>>>

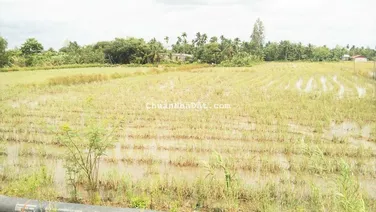 Đất 42x65 mặt tiền Quốc Lộ 91B đoạn cầu Ông Xe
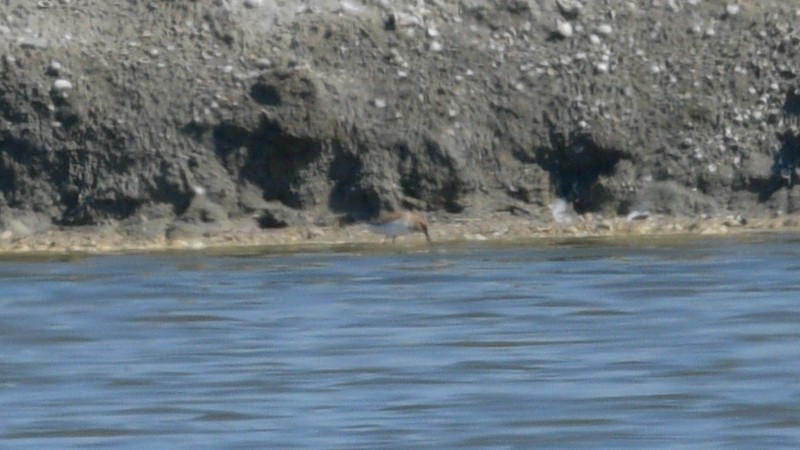 Little Stint - ML457467381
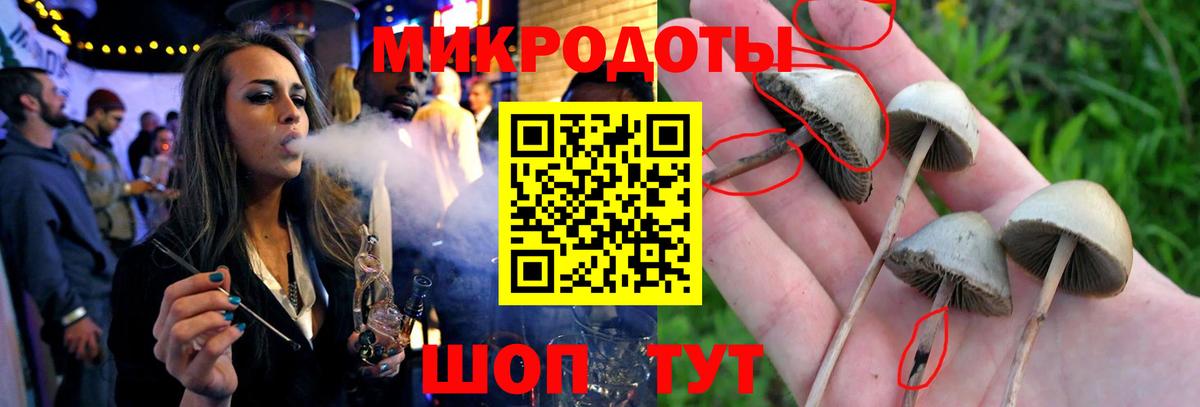 Псилоцибиновые грибы Psilocybe Тобольск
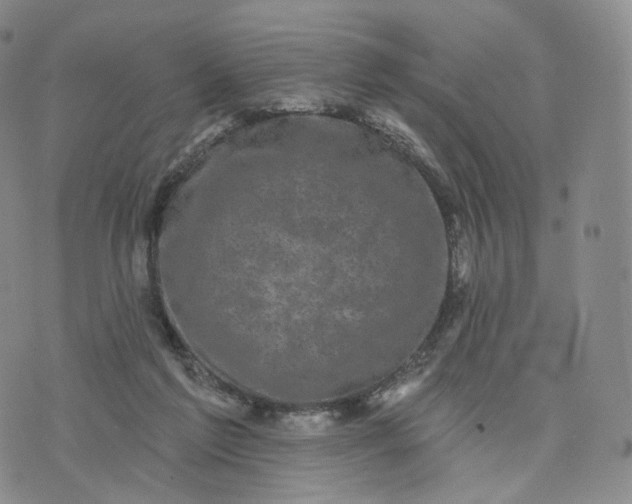 X0000076320213200610161652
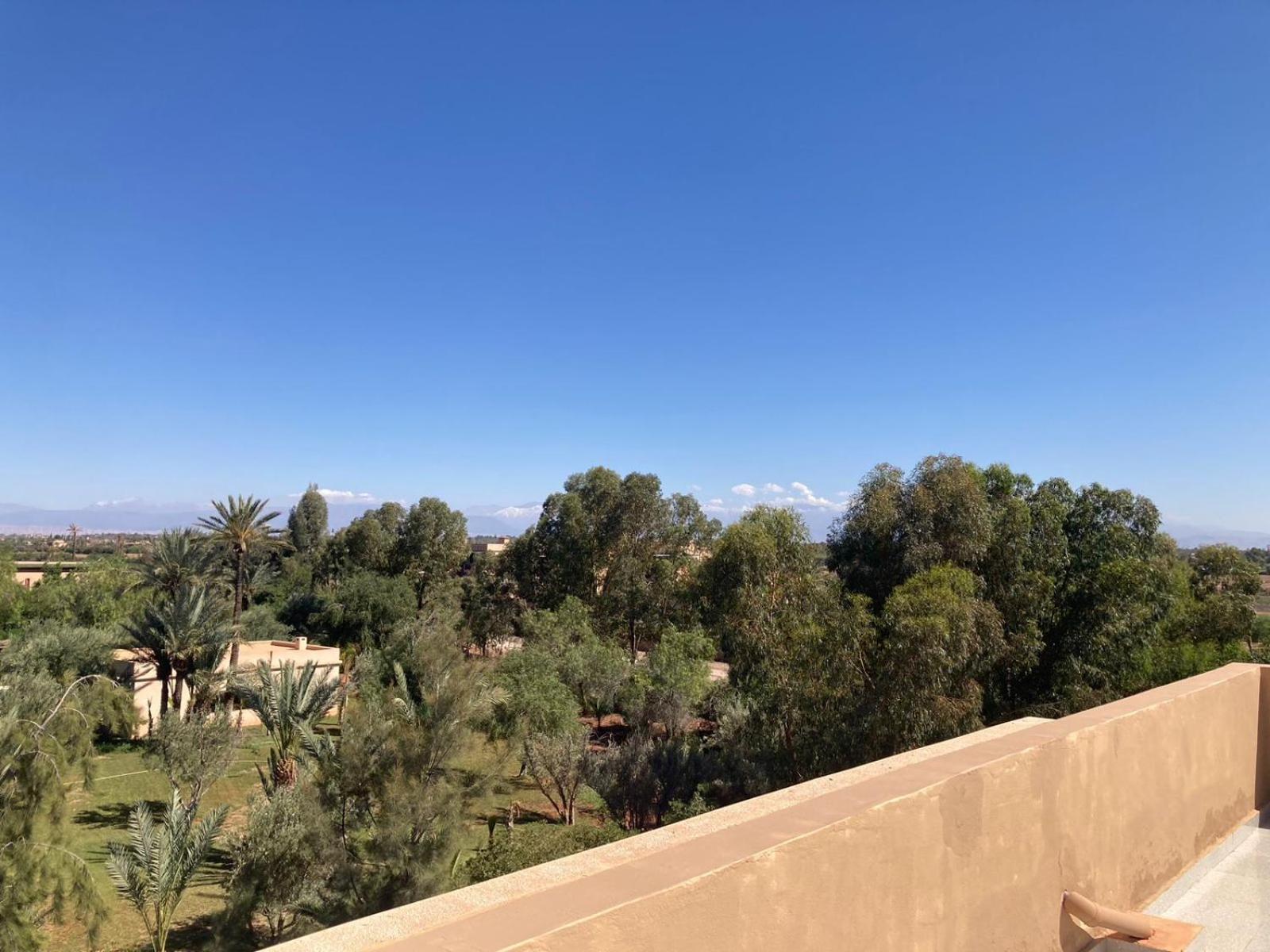 Family Palms Luxe Villa Marrakech With Private Pool Marrakesh Cameră foto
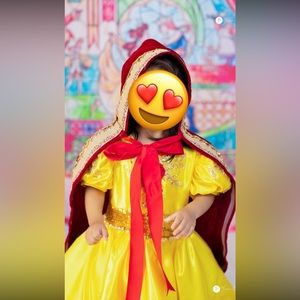 Beauty and the Beast costume.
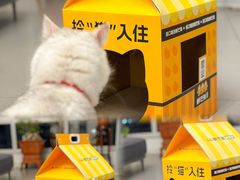 -鲜芒多·杨枝甘露(摩尔城A座10楼店)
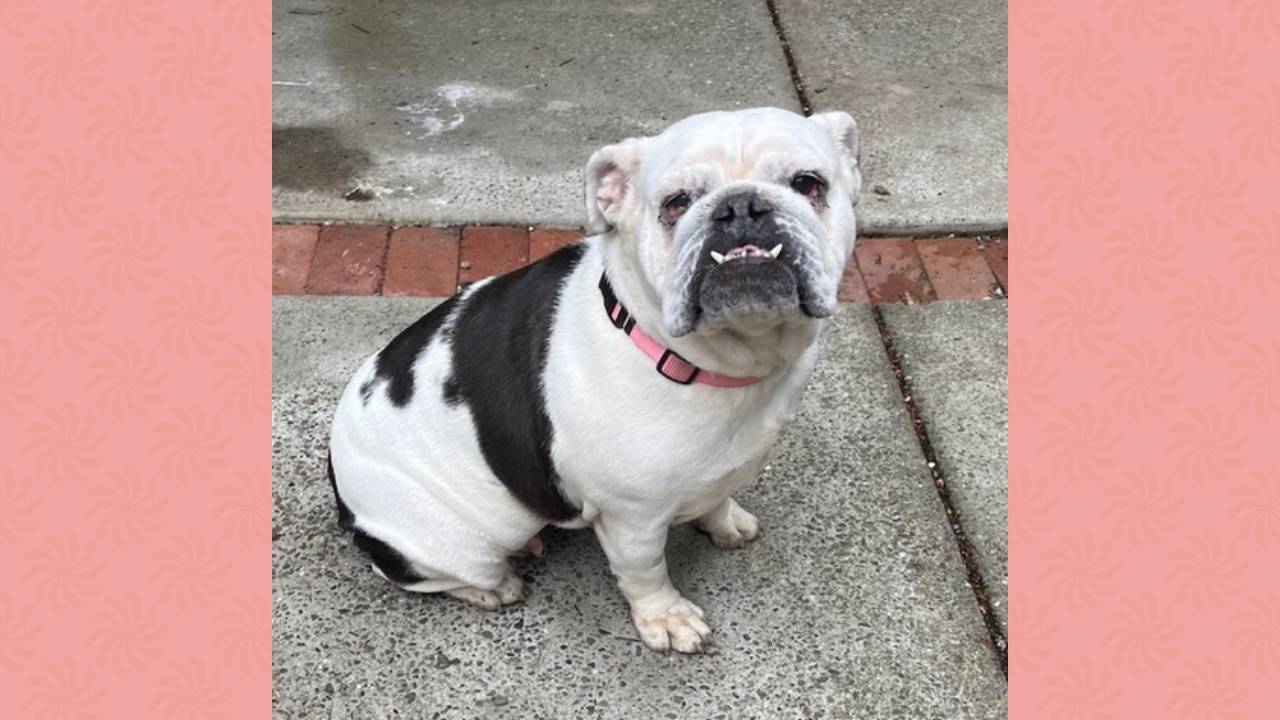 Bessie English Bulldog
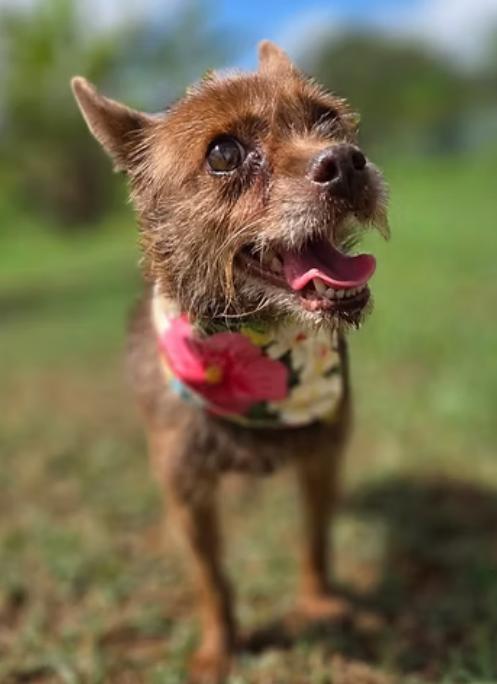Enlarge Helen, a ADOPTABLE mixed breed in Kapaa, HI image 1/1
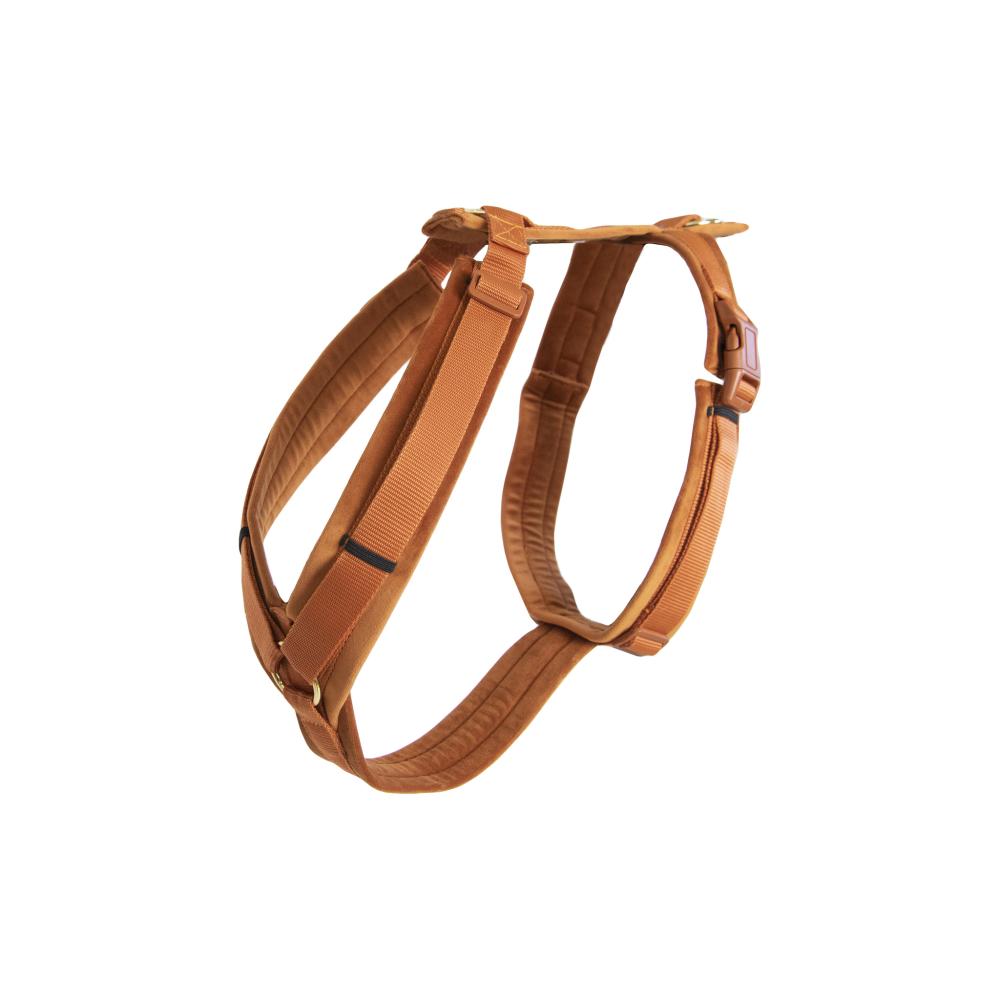 KENTUCKY® DOGWEAR Hundegeschirr Aktiv aus Samt, orange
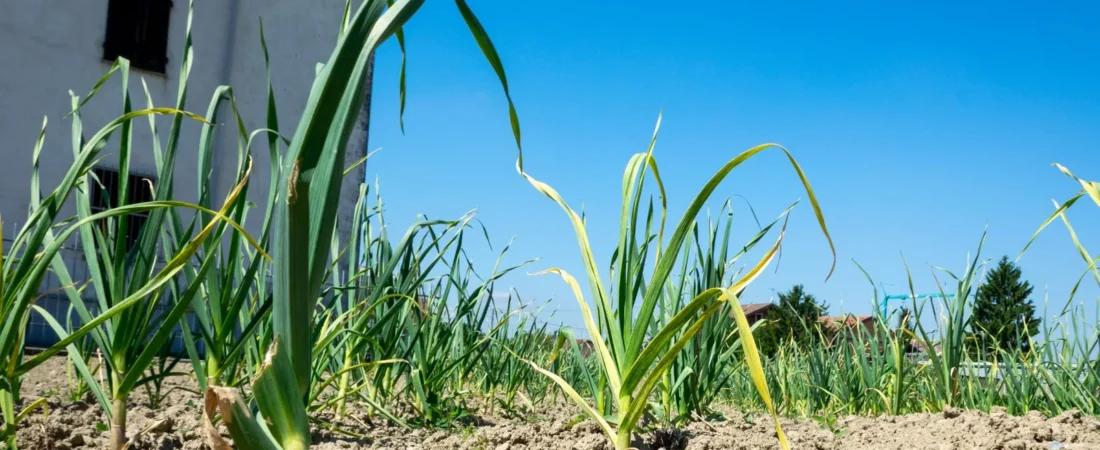 Knoflook planten: wanneer, hoe diep en waar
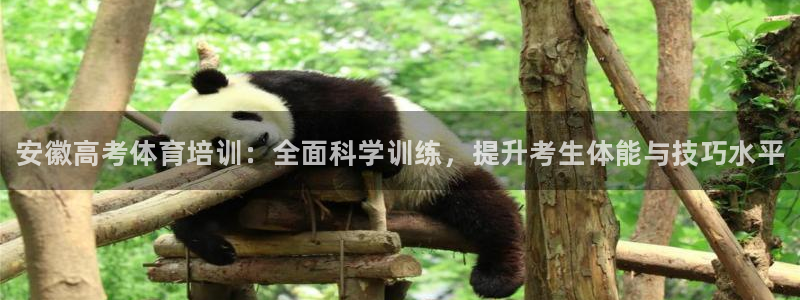 焦点娱乐传媒有限公司怎么样知乎：安徽高考体育培训：全面科学训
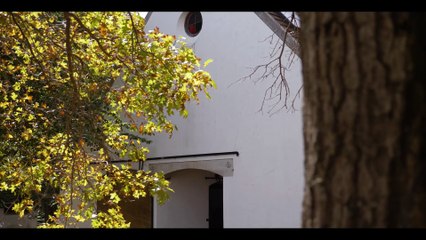 Gainesway - McKinzie.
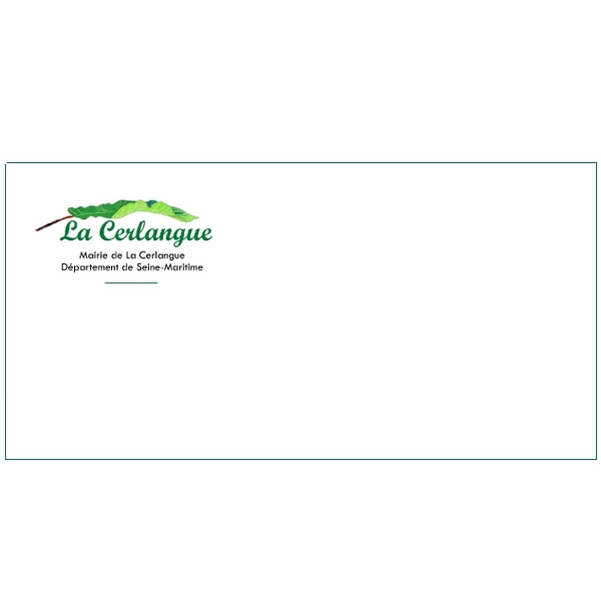 500 Enveloppes DL (11 x 22 cm) - Velin Blanc 80g - Impression RECTO Quadri - Vignette 4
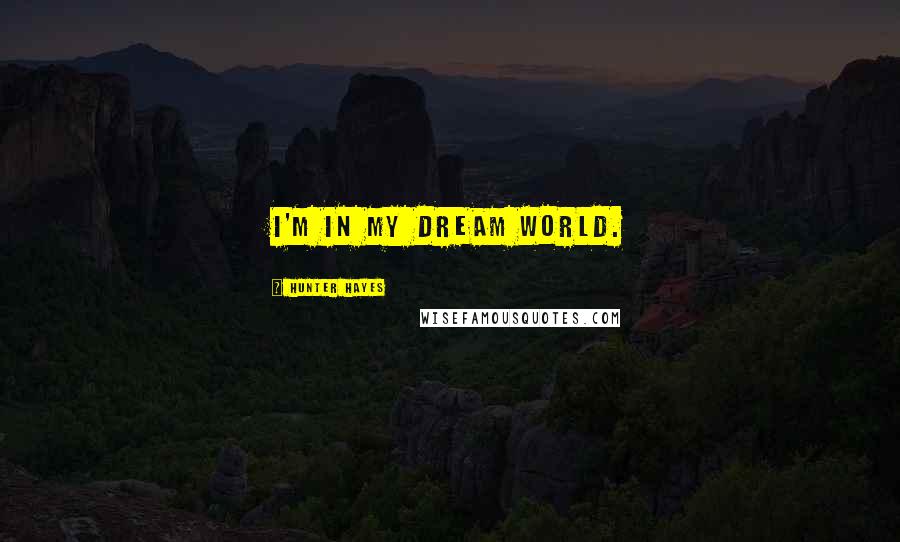 Hunter Hayes Quotes: I'm in my dream world.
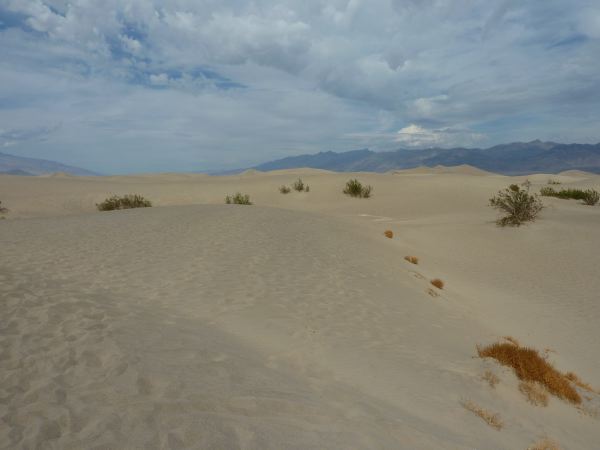 Sind wir jetzt in der Sahara?? 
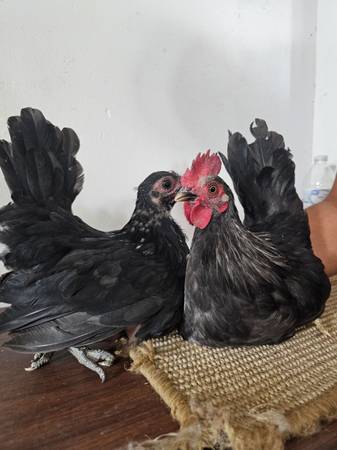 black japanese bantam (Dinuba)63873028043523121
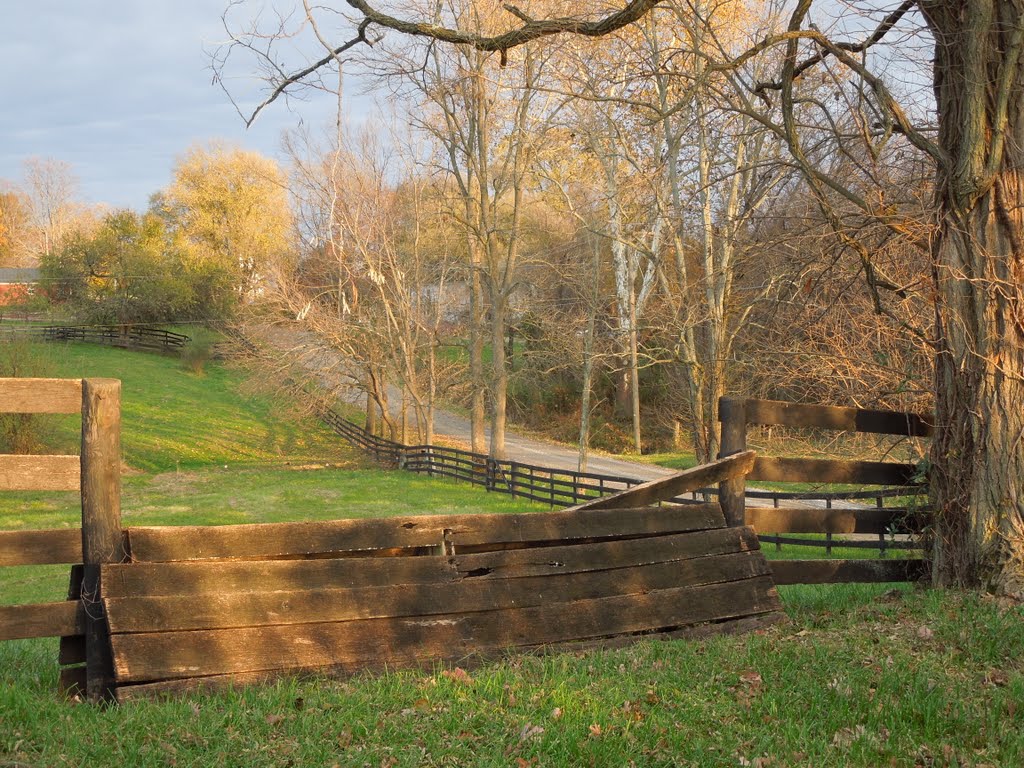 Catoctin, VA, USA by Sergey Dickey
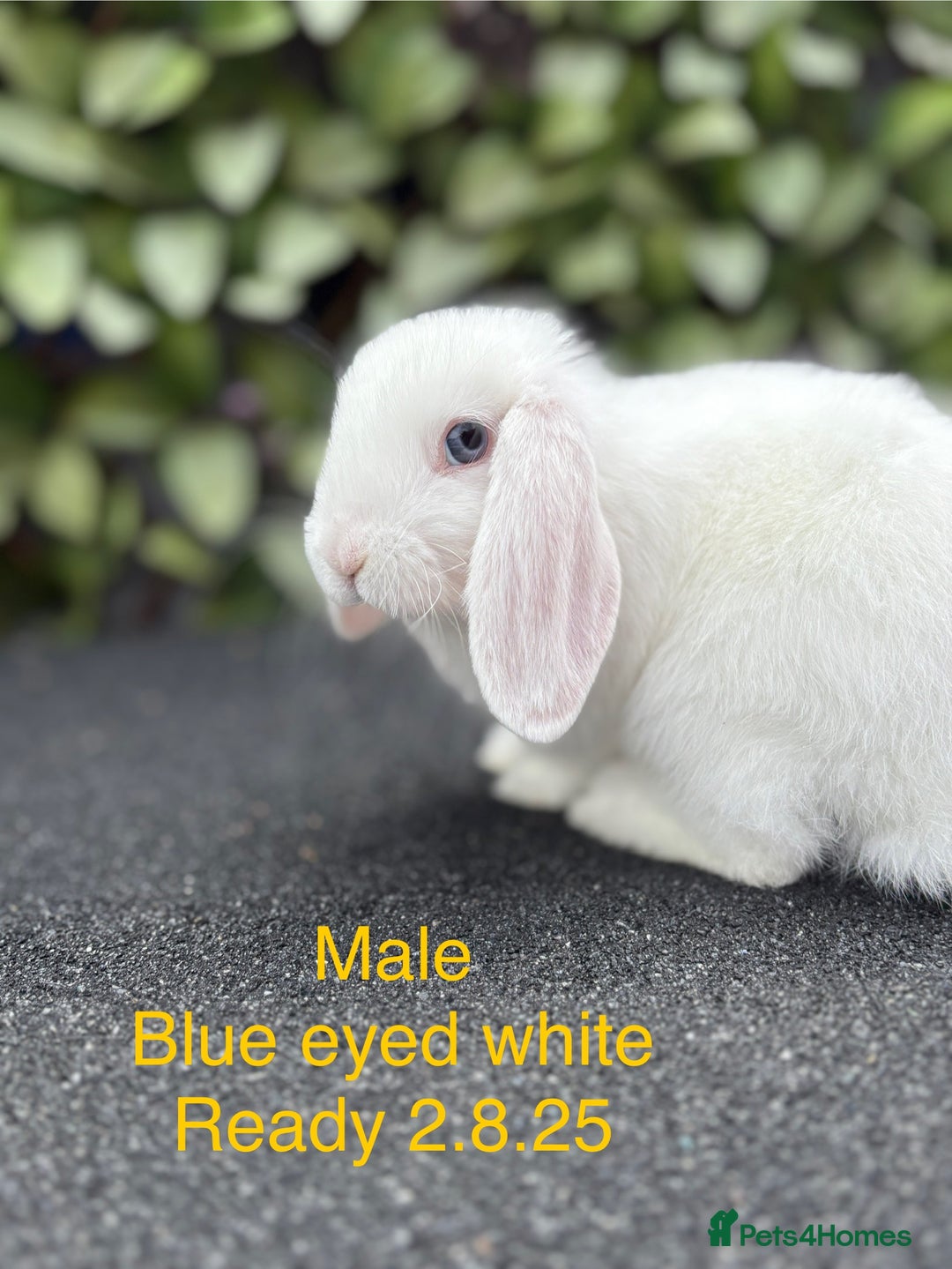 Mini Lop rabbits for sale: Beautiful baby mini lop rabbits - Image 2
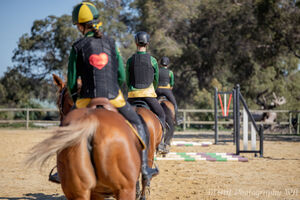 Horsemens Information Evening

<<<

* DIRECTIONS FOR THIS TASK
Begin at the line that contains "Knoflook planten: wanneer, hoe diep en waar" and transcribe every line through the end of the listing, exactly as written. Omit the pictures.

* SOLUTION TO THIS EXERCISE
 Knoflook planten: wanneer, hoe diep en waar
 焦点娱乐传媒有限公司怎么样知乎：安徽高考体育培训：全面科学训
 Gainesway - McKinzie.
 500 Enveloppes DL (11 x 22 cm) - Velin Blanc 80g - Impression RECTO Quadri - Vignette 4
 Hunter Hayes Quotes: I'm in my dream world.
 Sind wir jetzt in der Sahara?? 
 black japanese bantam (Dinuba)63873028043523121
 Catoctin, VA, USA by Sergey Dickey
 Mini Lop rabbits for sale: Beautiful baby mini lop rabbits - Image 2
 Horsemens Information Evening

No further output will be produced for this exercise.